Portrait of Kamala by Taja Faslow

Kamala is a teacher of academic writing at Victoria University. She grew up in the Wairarapa and lived in Wellington before joining Gilbert here in Paekākāriki 40 years ago.  Kamala has created an amazing garden on the hilltop section. She loves this place for the garden, the beach, sea views, the community and the people. 

Sir Jon Trimmer


A spritely and friendly face in our village is Sir Jon Trimmer. He was born into a creative family in Petone in 1939. Jon started learning ballet at age 12 at his sister’s ballet school, studied art at Wellington Technical College, then had a stint doing art in advertising. In 1958 he joined the New Zealand Ballet Company where he worked until he left to study overseas. Jon met his wife Jacqui when they were both teenaged dancers in the Company.

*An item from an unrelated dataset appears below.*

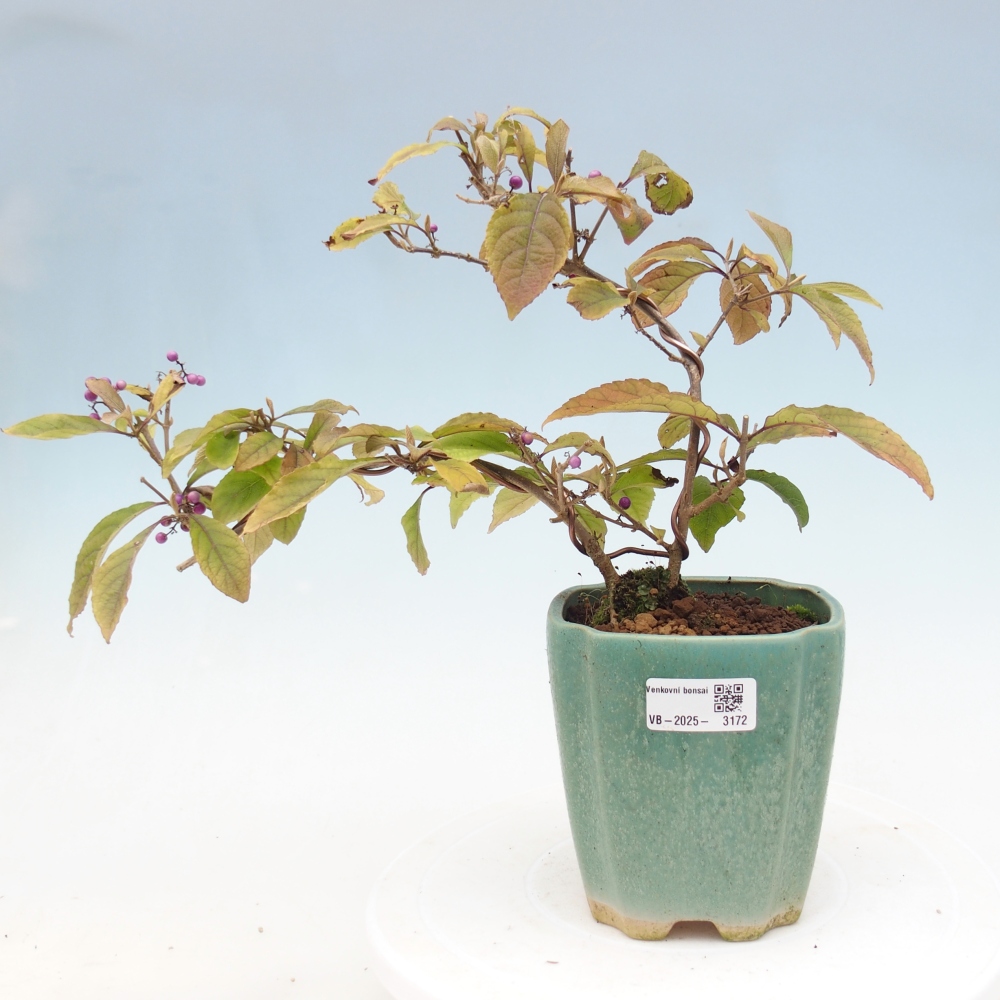 Kültéri bonsai - Callicarpa bodinierova bodinierova profusion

Jon studied for a year at the Royal Ballet School in London but much preferred performing, and then spent two years with Sadler’s Wells. In 1970 Jon returned to the New Zealand Ballet, becoming their principal male dancer, celebrated for his lifts and high leaps. In those days it was a smaller company which did a lot of touring to smaller centres. For 8 years the Trimmers’ cat Tomas toured with them. Jon and Jacqui have danced with both the Australian Ballet and the Royal Danish Ballet and the American Ballet Company of New York. Jon has performed with Dame Margot Fonteyn, Rudolf Nureyev, Erik Bruhn and many of the world’s top dancers.

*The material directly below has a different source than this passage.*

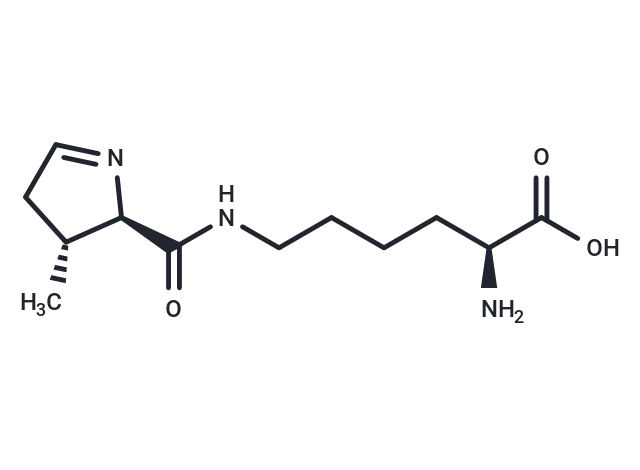 L-Pyrrolysine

Among the many roles Sir Jon has danced are Petrouchka and the role of Albrecht in Giselle. He is a master at the character parts he still dances, such as Captain Hook in Peter Pan and Friar Laurence in Romeo and Juliet.

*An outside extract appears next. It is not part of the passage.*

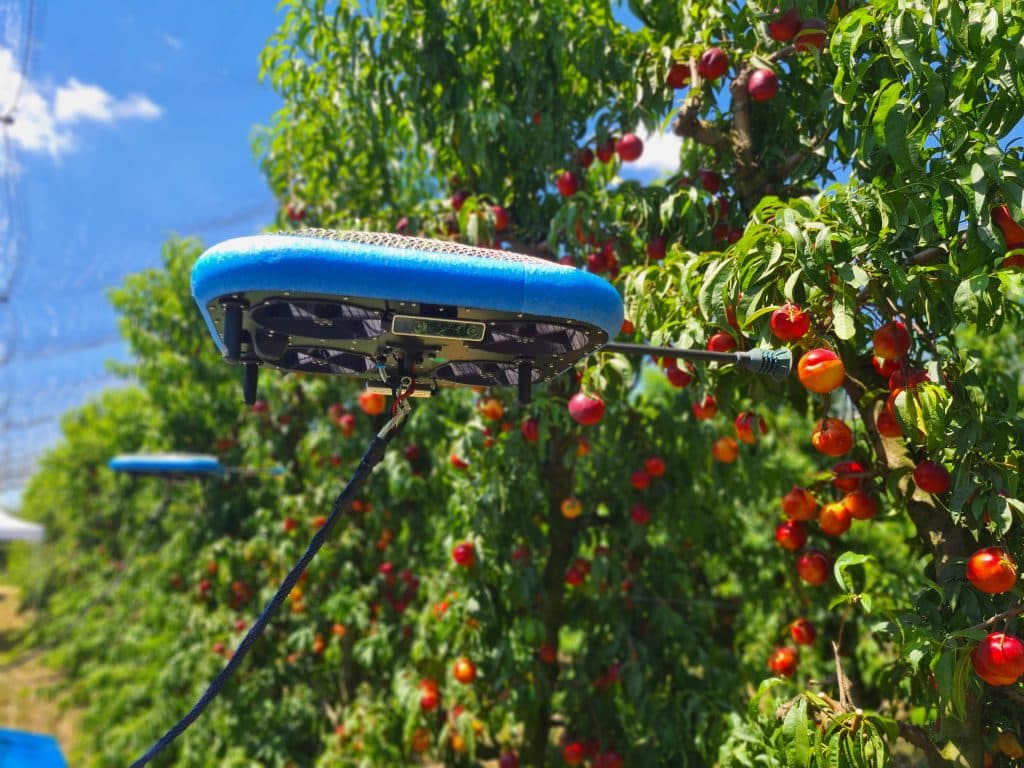 The future of farming - AI drones collect ripe fruit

Jon has also acted, playing the part of Edgar Marwick in Peter Sharp‘s 1986 movie Undercover Gang and in 1986 was nominated for the best actor award for a role in the TV series Fireraiser. In 2002 and 2003 he performed with Helen Moulder in her play Meeting Karpovsky which has been revived for his 80th birthday.

Sir Jon has just retired from dancing with the RNZB but will certainly go on performing for us one way or another. The Trimmers have had a home in Paekakariki for 30 years. They both paint, do pottery, garden and enjoy their cats. 

Sir Jon Trimmer is patron of the Paekākāriki Station Museum Trust.